I just joined so I could add my statistics since these boards were so helpful when I was planning (especially when I was worried about how many would actually come — FYI it was 50%, which was even fewer than RSVP-ed yes). Then after my wedding, I found this board and was comforted to see that many people had my experience with receiving gifts. I have to say, I was surprised!
I was surprised by two things: by the number of people who did not give a card or gift, and by the amazing generosity of the people who did give. We received almost everything we hoped for, and we were truly embarrassed by many people’s generosity. I usually give in the $50 range because that is what I can afford. But the majority of our guests gave between $150 and $250. Thank you, everyone! We also got several gifts that were monetarily small, but which meant a lot to us because of the people and the meaning behind them. We love everything we got, and it goes to show you that a $20 gift can be very memorable!
So like everyone else here, I am hurt not by the lack of “stuff”, but by the lack of thought. Especially in a few cases. Here is my experience a few weeks after the wedding. When I list numbers, it is based on the invitations, not the number of people:
Guests who came: 27 gave something, 9 did not
Of those who came and did not give, 3 really should not have — we would have been embarrassed. Their coming was a huge gift. The remaining 6, well, I was surprised, but I’m over it. One said she was mailing something, but I’m not holding my breath. Another was a close relative who says it’s on the way (but she sort of complains about it….we didn’t bring it up!)
Of those who did not come: 11 gave something, 24 did not
Here is where I get upset. Of those who did not come and did not give — even a phone call, e-mail or card — there are a few who really hurt our feelings by overlooking this big deal in our lives. One aunt and uncle. Many of our friends to whom we have given thoughtfully in recent years. My fiance’s parents’ “best friends” (my parents’ best friends were absolutely gushing at our wedding, and they are truly like family to me….maybe it’s different in my husband’s family). Some friends who have seen my husband experience some pretty crappy life circumstances, which he magnificently overcame, and to whom we gave GENEROUSLY at their weddings within the past year. And they’re very wealthy. It bugs me because I get defensive over my husband, who is AMAZING. He deserves better, and these friends have always been takers when it comes to him. But his other friends who came are wonderful, wonderful people, and their presence was the best gift we got.

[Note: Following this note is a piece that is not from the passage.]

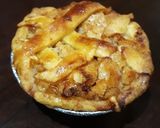 Foto langkah ke 10 dari resep Mock Apple Pie (Apple Pie without Apple).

Other things to know: 2 gifts came a couple weeks after the wedding (I think his mom’s Christmas letter reminded them), and there are also those 2 that are “on the way.” So they do dribble in. We might see a couple more. I personally like sending gifts after the fact so that I can write how much I enjoyed the wedding. And now I know, as the bride, that it’s fun to get a few more visits from the UPS man when you think it’s over!
At first, I was surprised, a little shocked by at least a couple people. Not in every case–we know some people’s circumstances prohibit them, and maybe they are embarrassed about not being able to give substantially so they don’t even send a card because they feel bad. I get it. I was pretty angry about a couple of people’s rudeness. But a few weeks later, I’m totally over it.
I am going to send thank-yous to those who came and did not give, to thank them for coming. I will wait until the holidays are over.